Source data
- - - - -
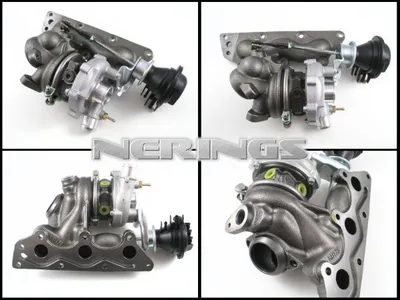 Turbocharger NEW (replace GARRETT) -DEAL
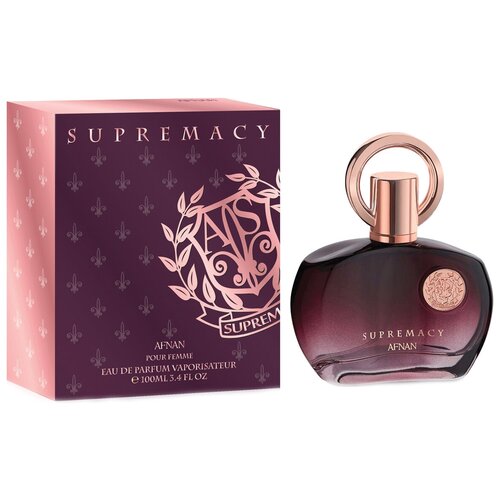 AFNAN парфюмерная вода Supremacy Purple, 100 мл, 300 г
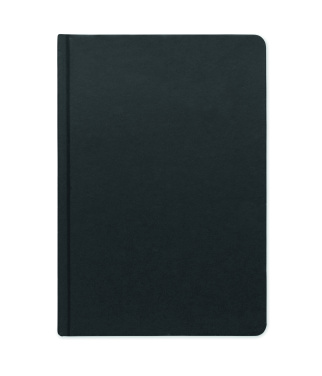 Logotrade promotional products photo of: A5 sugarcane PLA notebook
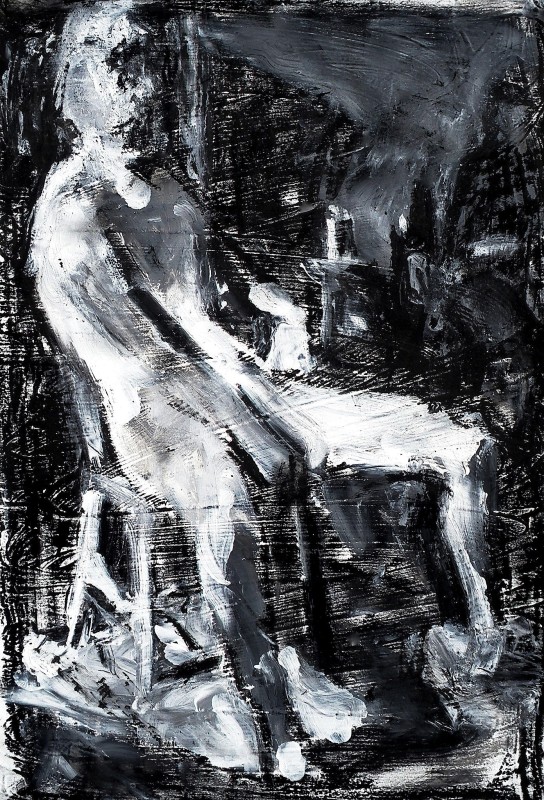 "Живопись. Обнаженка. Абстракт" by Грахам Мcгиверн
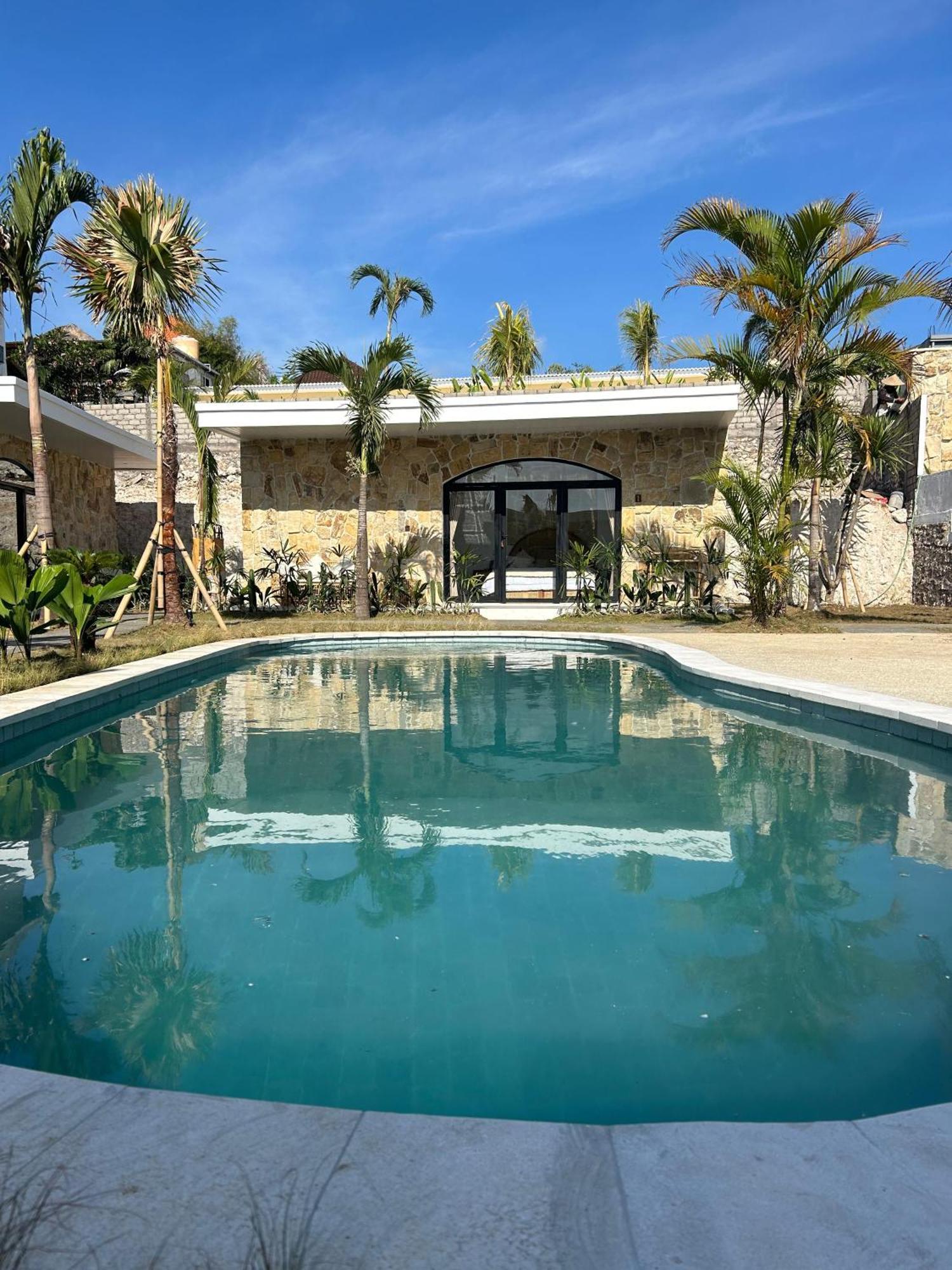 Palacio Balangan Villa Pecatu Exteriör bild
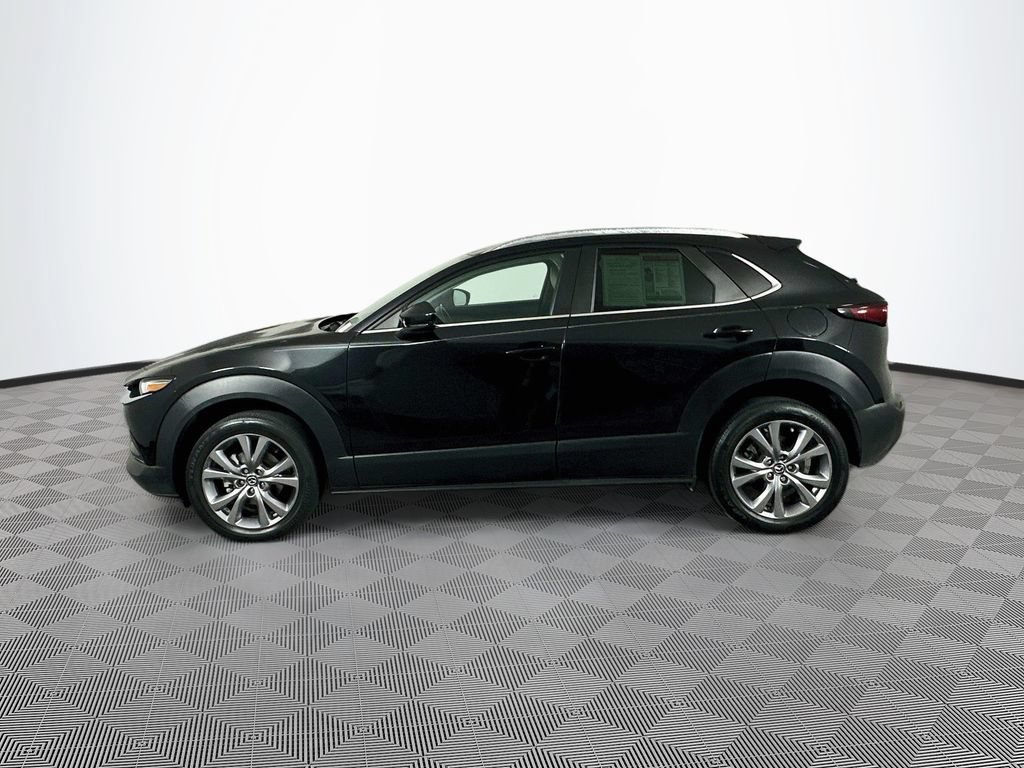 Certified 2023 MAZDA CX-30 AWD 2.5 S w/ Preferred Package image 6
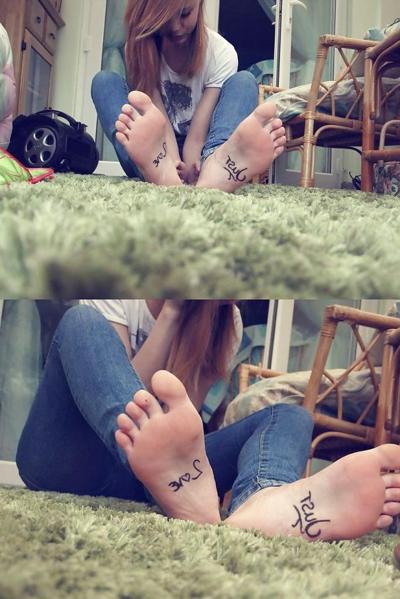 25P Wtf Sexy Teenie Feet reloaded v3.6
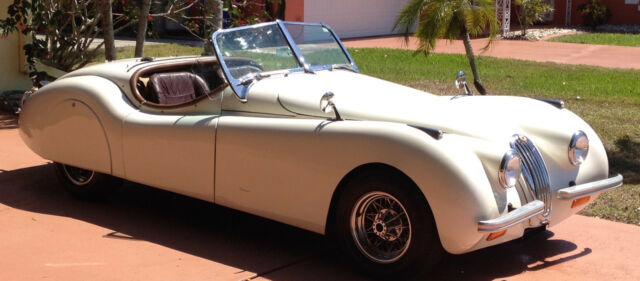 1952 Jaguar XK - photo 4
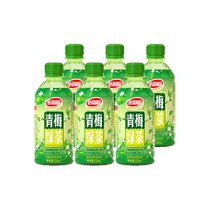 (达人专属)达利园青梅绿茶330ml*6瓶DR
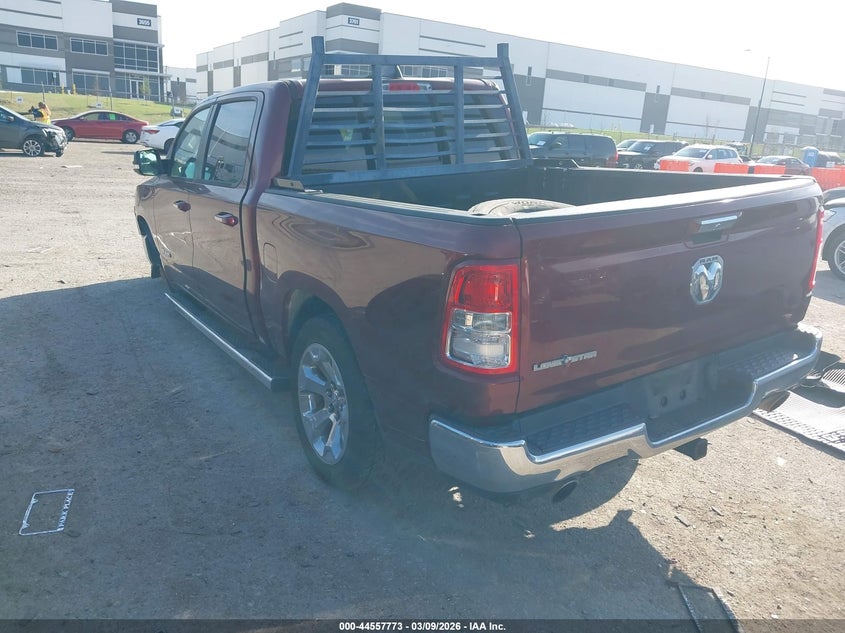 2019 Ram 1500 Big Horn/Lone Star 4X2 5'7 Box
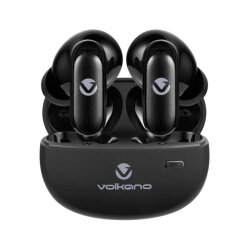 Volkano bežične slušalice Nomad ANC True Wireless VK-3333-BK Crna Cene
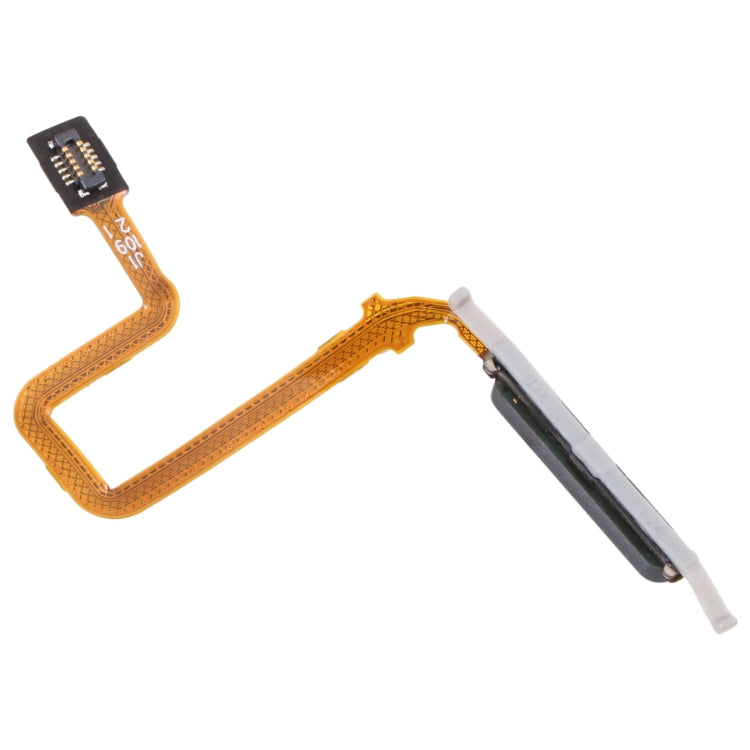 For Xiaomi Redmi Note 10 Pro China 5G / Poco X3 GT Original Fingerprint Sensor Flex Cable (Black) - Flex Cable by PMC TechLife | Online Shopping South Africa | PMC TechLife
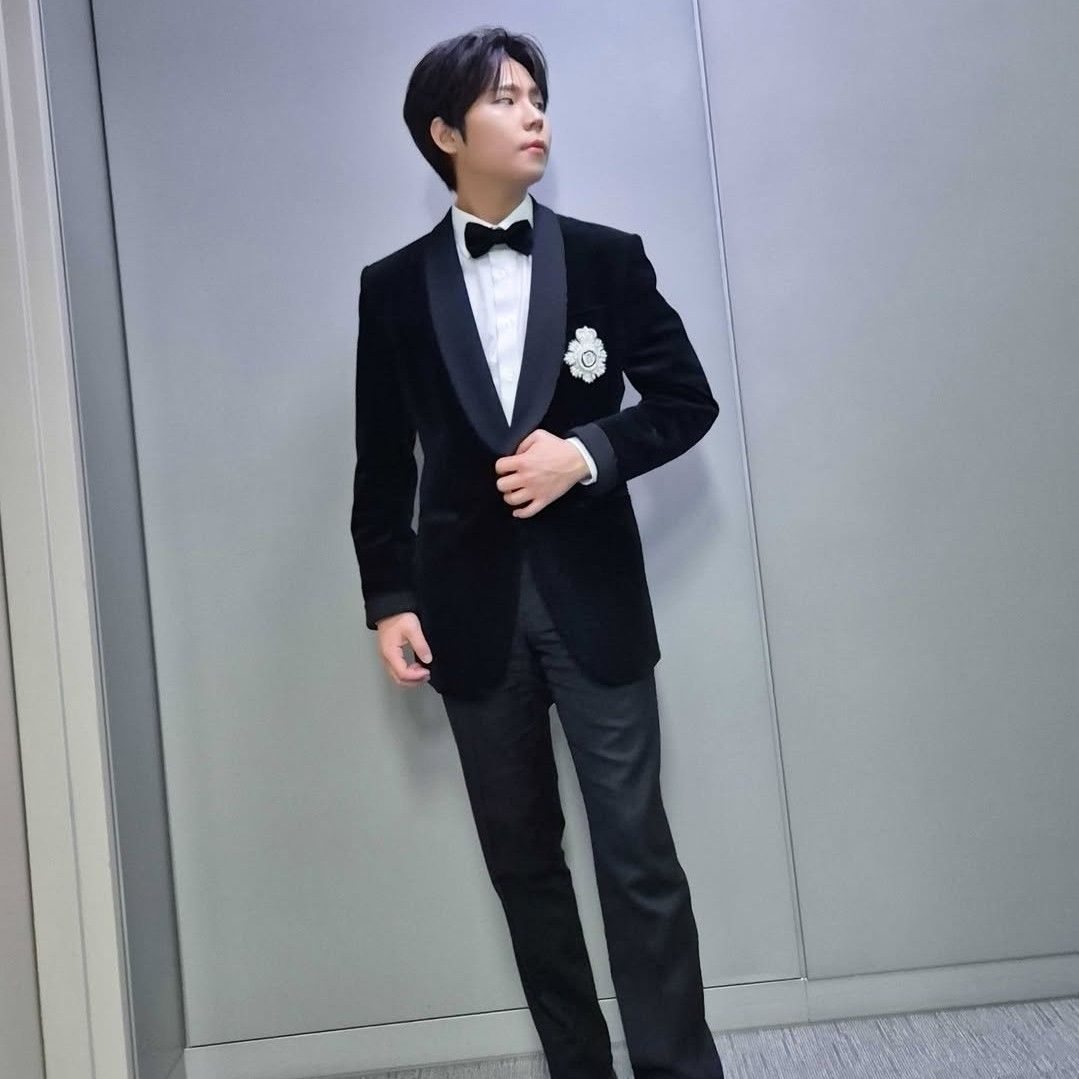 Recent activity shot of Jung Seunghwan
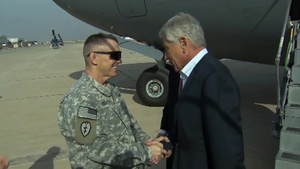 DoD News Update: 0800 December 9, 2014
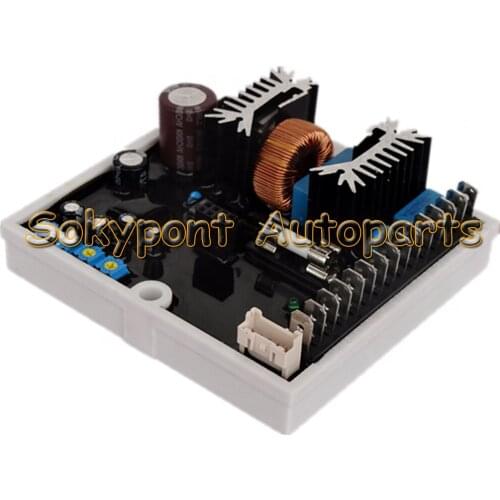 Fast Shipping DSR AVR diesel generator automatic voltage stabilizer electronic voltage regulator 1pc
- - - - -
__WHAT NEEDS TO BE DONE__.
Give every entry back unchanged, with no pictures.

__RESPONSE TO THE EXERCISE__.
 Turbocharger NEW (replace GARRETT) -DEAL
 AFNAN парфюмерная вода Supremacy Purple, 100 мл, 300 г
 Logotrade promotional products photo of: A5 sugarcane PLA notebook
 "Живопись. Обнаженка. Абстракт" by Грахам Мcгиверн
 Palacio Balangan Villa Pecatu Exteriör bild
 Certified 2023 MAZDA CX-30 AWD 2.5 S w/ Preferred Package image 6
 25P Wtf Sexy Teenie Feet reloaded v3.6
 1952 Jaguar XK - photo 4
 (达人专属)达利园青梅绿茶330ml*6瓶DR
 2019 Ram 1500 Big Horn/Lone Star 4X2 5'7 Box
 Volkano bežične slušalice Nomad ANC True Wireless VK-3333-BK Crna Cene
 For Xiaomi Redmi Note 10 Pro China 5G / Poco X3 GT Original Fingerprint Sensor Flex Cable (Black) - Flex Cable by PMC TechLife | Online Shopping South Africa | PMC TechLife
 Recent activity shot of Jung Seunghwan
 DoD News Update: 0800 December 9, 2014
 Fast Shipping DSR AVR diesel generator automatic voltage stabilizer electronic voltage regulator 1pc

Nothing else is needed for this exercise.